Sementara potongan yang kedua pada QS Al-An’am, 6/159. Lengkapnya adalah sbb:

“Sesungguhnya orang-orang yang memecah belah agama-Nya dan mereka menjadi bergolongan, tidak ada sedikitpun tanggung jawabmu kepada mereka. Sesungguhnya urusan mereka hanyalah terserah kepada Allah, Kemudian Allah akan memberitahukan kepada mereka apa yang Telah mereka perbuat.” (QS. 6/159)

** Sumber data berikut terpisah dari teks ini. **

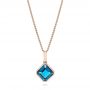 14k Rose Gold London Blue Topaz Pendant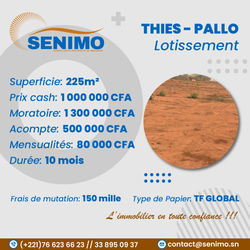 Vente 🌿 Terrain Pallo Thiés – Opportunité Exceptionnelle ! 🌿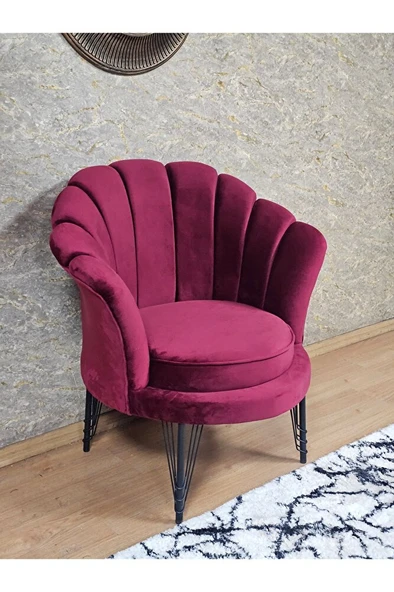 Tekli İstiridye Siyah Boyalı Telli Ayak Çay Seti Koltuk Tekli Berjer , Balkon, Salon, Ofis Bordo Renk 47 x 47 Boyut/Ebat ürün görseli 1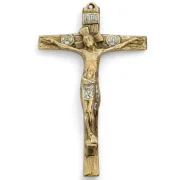 Grand crucifix et christogrammes en bronze émaillé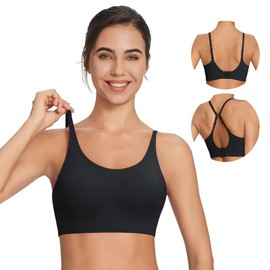 Baleaf Sweatleaf - Sujetadores deportivos ajustables para mujer, brasier de yoga con espalda cruzada acolchada, brasier de entrenamiento moldeado de alto impacto, Negro -, XL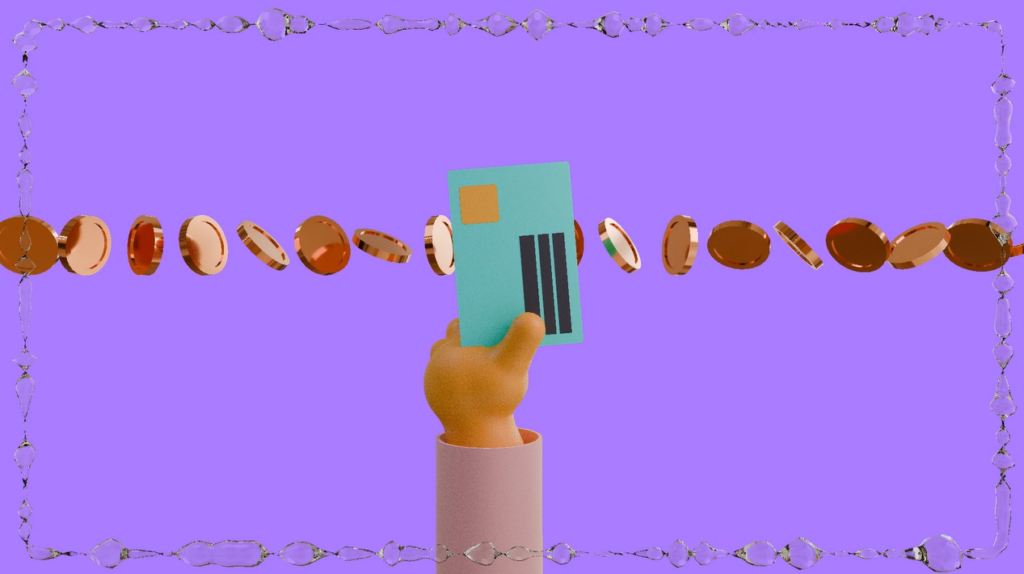 Animatie van hand met pinpas en op achtergrond muntjes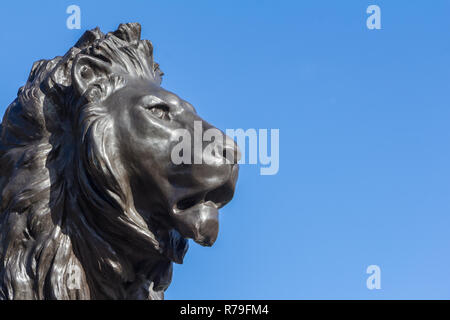 Lion statue am Queeen Victoria Memorial vor dem Buckingham Palace in London, Großbritannien Stockfoto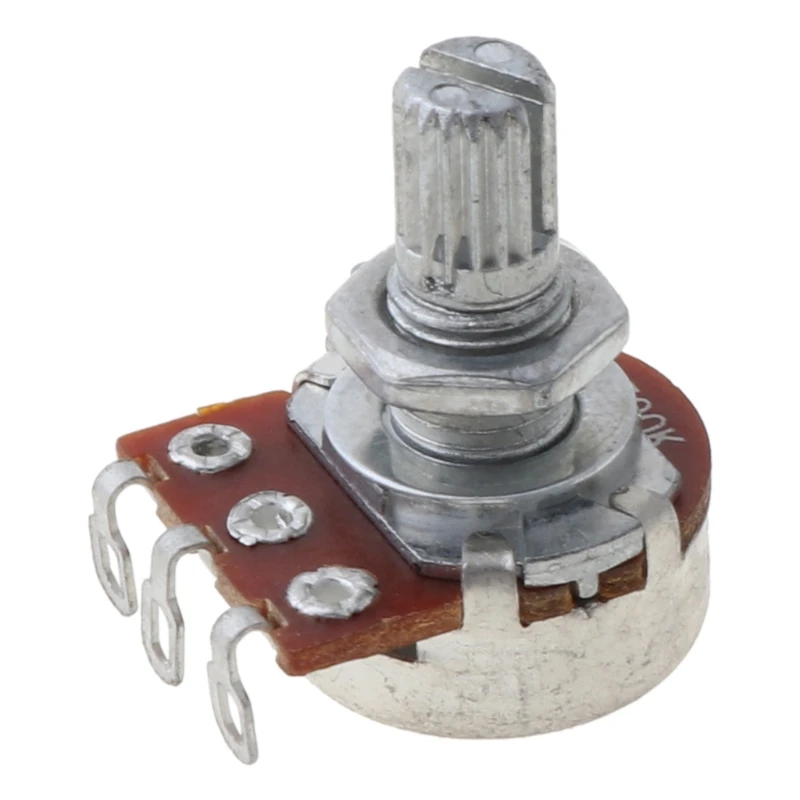 

A500K Potentiometer Splined Pot Electric Guitar Bass Effect Amp Tone Volume 15mm
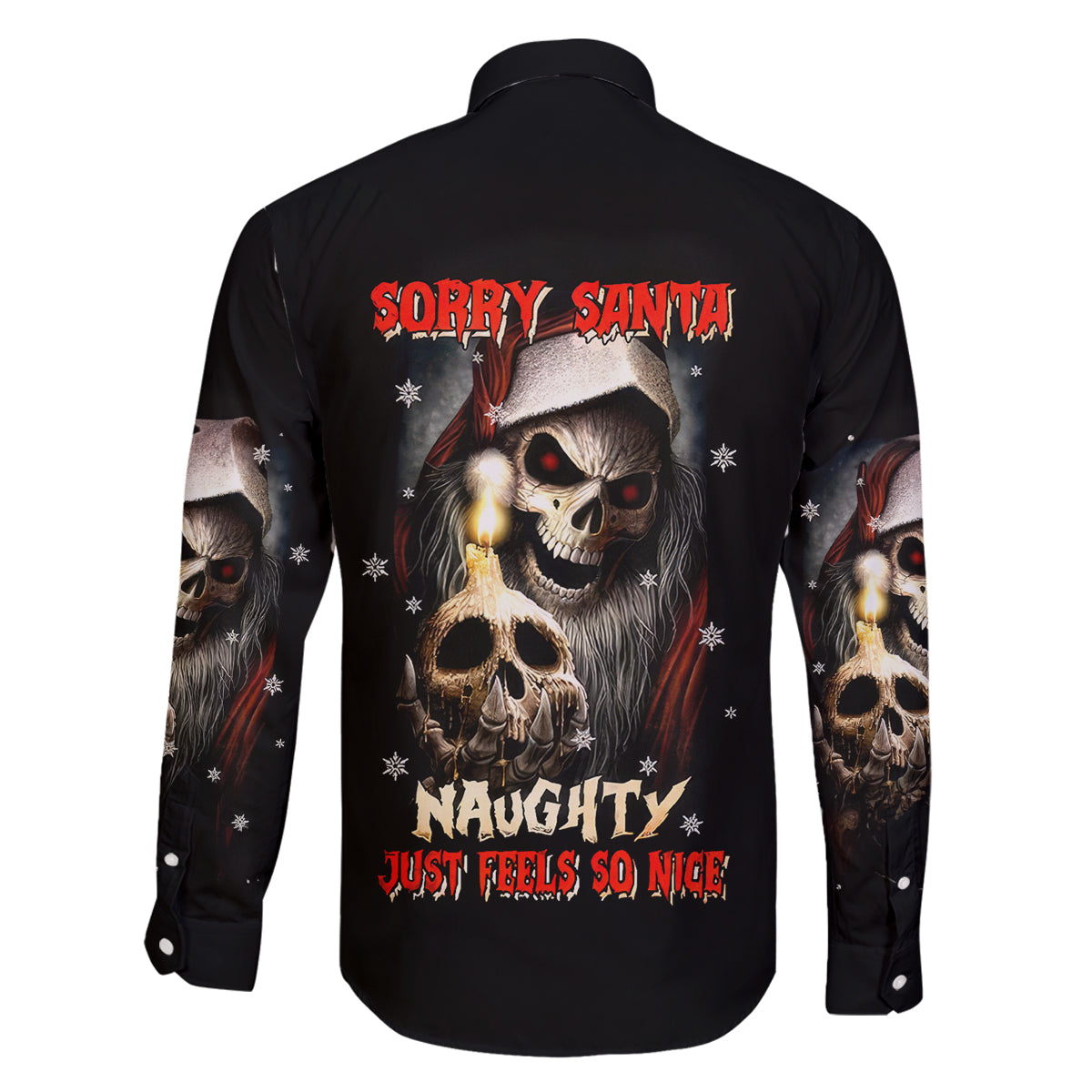 Skeleton Santa Claus Family Matching Long Sleeve Bodycon Dress and Hawaiian Shirt Sorry Santa Naughty Just Feels So Nice - Wonder Print Shop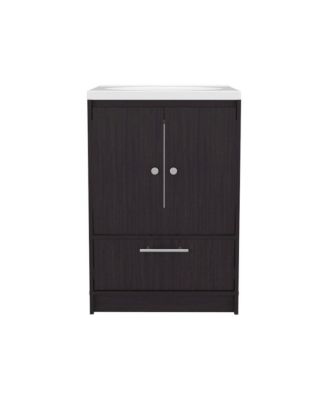 Bathroom Vanity with Two Doors, Madison Black MDF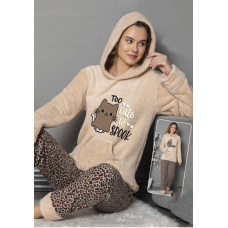 Піжама флісова жіноча Бежевий, XL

Makna ayat dalam QS Al-Mu’minun, 23/53 menurut kitab-kitab tafsir adalah sbb:

Berkata Imam At-Thabari [3] dalam tafsirnya [4], bahwa maknanya: “Maka berpecah-belahlah kaum yang diperintahkan oleh ALLAH SWT dari ummat Nabi Isa ‘alayhis salam untuk bersatu atas agama yang satu… Dan setiap firqah tersebut beragama dengan kitab yang berbeda satu dengan yang lain, sebagaimana orang Yahudi memegang kitab Taurat dan mendustakan hukum-hukum dalam kitab Injil dan Al-Qur’an, demikian pula orang-orang Nasrani yang berpegang menurut sangkaan mereka pada kitab Injil dan mendustakan kitab Al-Qur’an.” Dan ini diperkuat oleh makna “ummatan-wahidah” pada ayat sebelumnya, yaitu maknanya menurut Imam At-Thabari: “Innal ummah alladzi fi hadzal maudhu’: Ad-Din wal Millah” (makna ummat dalam konteks ayat ini adalah ummat dalam masalah agama) [5]. Jelas bahwa makna “HIZB” dalam ayat tersebut menurut Imam At-Thabari adalah HIZB dalam Ad-Din wal Millah (perbedaan & kelompok-kelompok yang berbeda dalam aqidah), lalu dimanakah letak larangannya jika HIZB tersebut tidak berbeda dalam Ad-Din wal Millah?

Imam Ibnul Jauzy dalam tafsirnya [6] menyatakan bahwa ada 2 pendapat tentang tafsir ayat ini, yaitu pendapat pertama: Mereka adalah Ahli Kitab (Yahudi & Nasrani) dari Mujahid; dan pendapat kedua: Mereka adalah Ahli Kitab & kaum Musyrikin Arab dari Ibnu Sa’ib. Demikian pula pendapat Imam Al-Mawardi [7] dalam tafsirnya [8], nampak bagi kita semua bahwa larangan tersebut amat jelas yaitu larangan berbeda-berbeda dalam aqidah, atau berbeda dalam kitab suci persis sebagaimana perbedaan Yahudi dan Nasrani atau musyrikin, sama sekali tidak ada larangan yang berkaitan dengan larangan membentuk organisasi, atau jama’ah atau partai.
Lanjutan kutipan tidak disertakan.